La responsabilità dell’impresa esecutrice dei lavori condominiali per il furto in un appartamento

All’interno d’un edificio condominiale, sovente, vengono eseguiti interventi di manutenzione, spesso di natura straordinaria, come quelli concernenti il rifacimento delle facciate insistenti verso la pubblica via, volti a conservare e risanare le parti comuni del plesso condominiale.

Naturalmente, per l’esecuzione dei lavori di manutenzione, l’amministrazione condominiale si affiderà ad una ditta ovvero ad un’impresa che possieda le caratteristiche tecniche idonee per eseguirli.

Ora, per l’esecuzione dei lavori d’intervento manutentivo, in specie quelli concernenti il rifacimento dei muri perimetrali esterni dell’edificio, è d’uopo che l’impresa appaltante appresti dei ponteggi onde consentire agli operai d’intervenire sulle facciate condominiali.

L’apprestamento dei ponteggi, per effettuare le operazioni in commento, tuttavia, possono rappresentare una fonte di pericolo per i proprietari e gl’inquilini degli appartamenti prospicenti verso l’esterno, nel senso, cioè, ch’essi possono esser l’occasione per agevolare la commissione di furti all’interno degli immobili facenti parte dell’ente condominiale.

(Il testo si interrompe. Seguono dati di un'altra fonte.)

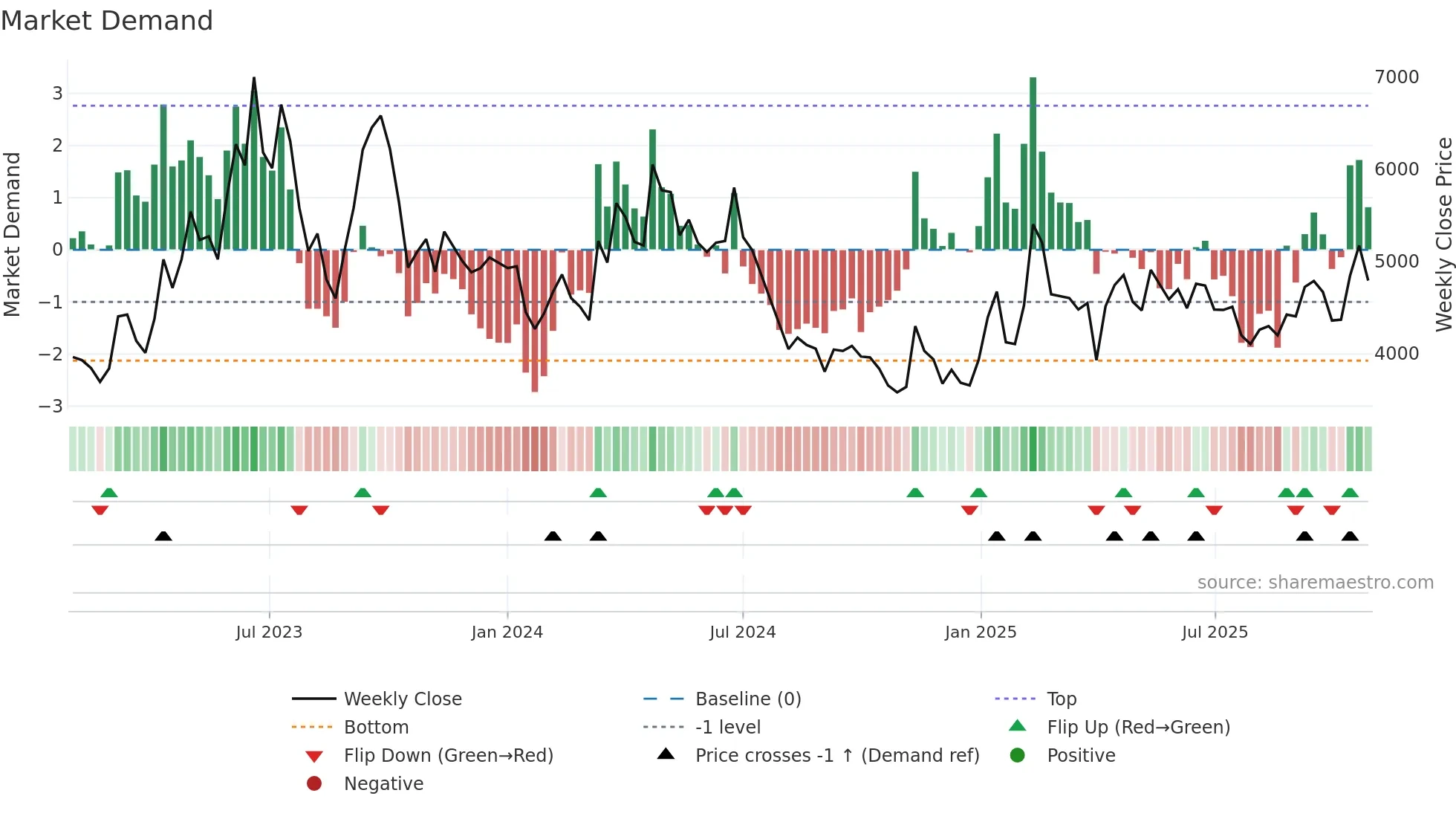 092200 weekly Market Demand chart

Tanto appare sentita l’esigenza di scoraggiare l’uso dei ponteggi per accedere, illegalmente, sicché contra invito domino, all’interno degli appartamenti, che è fatto obbligo all’impresa appaltatrice di predisporre sistemi d’allarme e di sicurezza che segnalino l’accesso illegale nei ponteggi durante le ore notturne ovvero nei giorni festivi.

Eppur tuttavia, nonostante la predisposizione dei sistemi d’allarme, si possono, comunque, registrare fenomeni criminali, quali, per l’appunto, l’intrusione illegittima all’interno degli appartamenti dei diversi condomini al fine d’impossessarsi dei beni di questi ultimi.

Ebbene, laddove ci si trovi di fronte a tal evidenza, par lecito domandarci se si possa predicare una responsabilità dell’impresa appaltatrice per aver favorito, a causa d’una condotta negligente, quale, ad esempio, la predisposizione di strumenti di controllo non adeguati a prevenire il rischio d’un fatto dannoso nelle abitazioni, la commissione di furti da parte di terze persone.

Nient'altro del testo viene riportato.